Wałęsa: Krzaklewski jest bardziej z PiS-u
Z SLD przyjmują, ze związków przyjmują… A co to jest?! Co to za partia? Ta partia w ogóle nie spełnia roli partyjnej!. Tak o Platformie Obywatelskiej mówił w "Kontrwywiadzie" RMF FM Lech Wałęsa. Krzaklewski jest bardziej z PiS. Jest bardziej związkowy, niż polityk, więc o co tu chodzi? - dodał Wałęsa.
RMF FM: Czyli Marian Krzaklewski na listach Platformy to jest czarny sen Lecha Wałęsy?
Lech Wałęsa: Znów pan wciska jakąś ciemnotę. Ja panu powtarzam, że jest w Polsce i świecie partyjność i ta partyjność ma swoje kadry.
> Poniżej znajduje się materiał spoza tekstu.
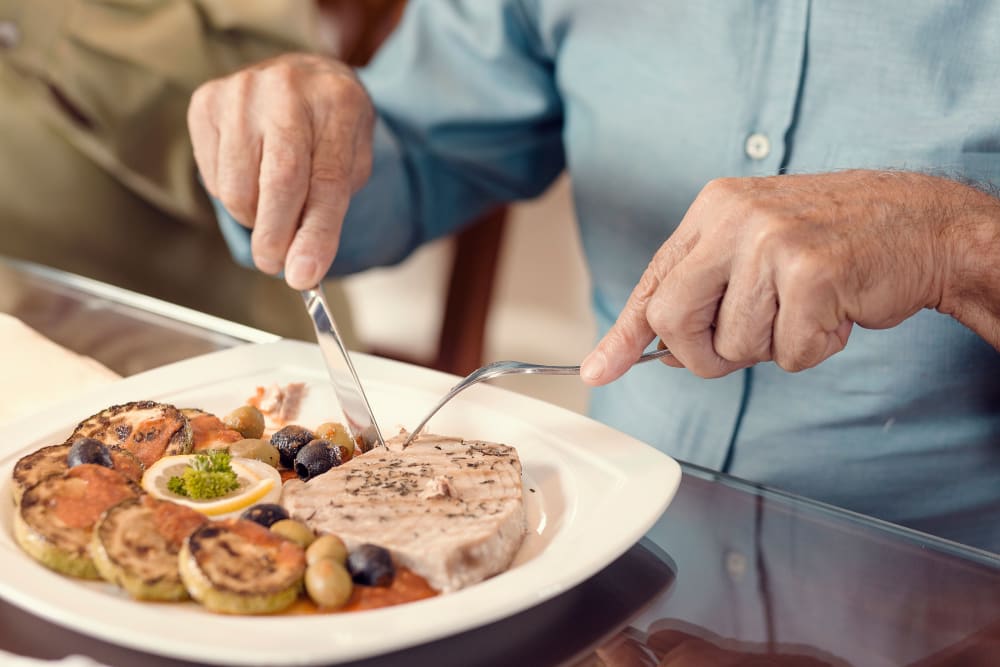 Senior eating a salmon dish at a Randall Residence community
Szkoli je, wysyła i na nie się głosuje. Nie można zamazywać, nie można dążyć do jednopartyjności.
Krzaklewski zamazuje panie prezydencie?
- On jest bardziej z PiS. Jest bardziej związkowy, niż polityk, więc o co tu chodzi?
Może nawrócił się na liberalizm po latach?
- Ja o „może” nie mówię. Ja mówię o faktach.
Czyli związkowiec w liberalnej partii w ogóle się panu nie podoba?
- Jeśli byłby od początku, jest, reprezentuje, przyznaje się i popiera to proszę uprzejmie. Ale nie tylko na wybory.
Czyli pan powtórzy to samo, co jego koledzy z „Solidarności”, że to bezsens, żeby Marian startował, bo nie ma szans, a w ogóle trzeba by mu to wybić z głowy?
- Nie Marian. To, co reprezentuje i to, że zamazuje polską scenę polityczną.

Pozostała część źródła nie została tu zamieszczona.